During the cold war, no efficient institutional links existed to foster the development of international, culturally democratic discourse or to bridge the gaps created by politics. The existence of cold war art collectives generally remained enclosed within the borders of their immediate social realities. And yet, as we observe the separate lives of these collectives, the Western and non-Western experiences somehow overlap and coexist. Lonely, isolated, and distinct as these stories are individually, the disconnected narratives can also be perceived as intersecting rays within a global matrix. Utilizing locally found physical resources and social materials, each group produces artworks that speak beyond provincial frontiers. There may be galaxies of difference between the UK art collective Art & Language discussed by Chris Gilbert; the US-based video collective Paper Tiger Television analyzed by Jesse Drew; the hyperurban alternative culture collectives of New York considered by Alan W. Moore; the tactical media and antiglobalist groups discussed by Brian Holmes; the collective art practices situated in Communist Cuba reviewed by Rachel Weiss; the postcolonial African examples surveyed by Okwui Enwezor; the performance-based Japanese groups Hi Red Center, Zero Dimension, and The Play plotted by Reiko Tomii; and the post-Soviet activist groups championed by Irina Aristarkhova. But what binds all these groups together, more than the mere fact of collectivism, is the “social imagination” they bring to their projects, signaling a set of practices that represent a shift away, to quote the editors, “from a focus on art as a given institutional and lingustic structure to an active intervention in the world of mass culture.”

The fall of the Berlin Wall not only symbolized the end of the lonely danse macabre between artists and totalitarian, nationalist, or dictatorial states; it also symbolized the end of the standoff between two radically different hegemonic discursive regimes.

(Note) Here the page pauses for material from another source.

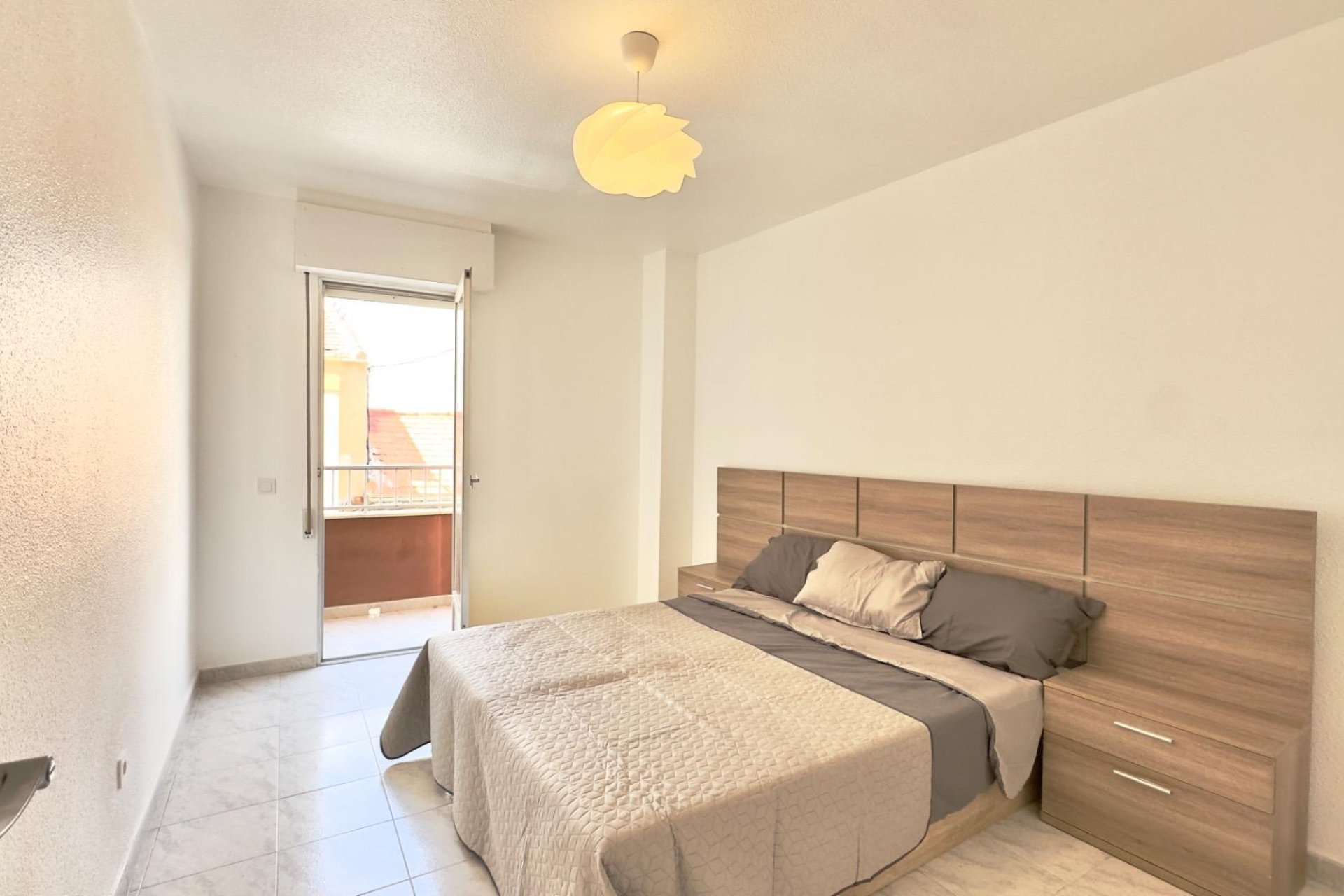 Revente - Apartment -
Torrevieja - Estacion De Autobuses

With the stark opposition between capitalism and communism over, it becomes necessary to map a new discursive territory and to redefine what “our cause” might mean in the twenty-first century. The expanded opportunities created by globalization are not subject to cold war border controls, but they come with new constraints: specifically, those of a neoliberal art system with a giant thirst for politically engaged, globally flavored art. As a result, the social and political causes of contemporary collective art practices often become commodified and depoliticized before they have managed to mark their own autonomous zones or accomplish much on their own. But those who leave the corrupted field of art in order to engage the ideals of pure social or political activism can quickly become disenchanted by the political and business agendas of NGOs and other so-called humanitarian agencies. Enwezor alludes to the ambiguous function of those agencies in Africa. Two of this valuable book’s most compelling essays—“The Production of Social Space as Artwork” by Enwezor, and “Do-It-Yourself Geopolitics” by Holmes—show how avant-garde and neo-avant-garde discourses can be efficiently used to navigate the new global art market conditions and power formations: a clear demonstration of how creative rethinking of the past can inform critical prethinking of the future.

Eda Čufer is a founding member of NSK art collective, based in Ljubljana, Slovenia.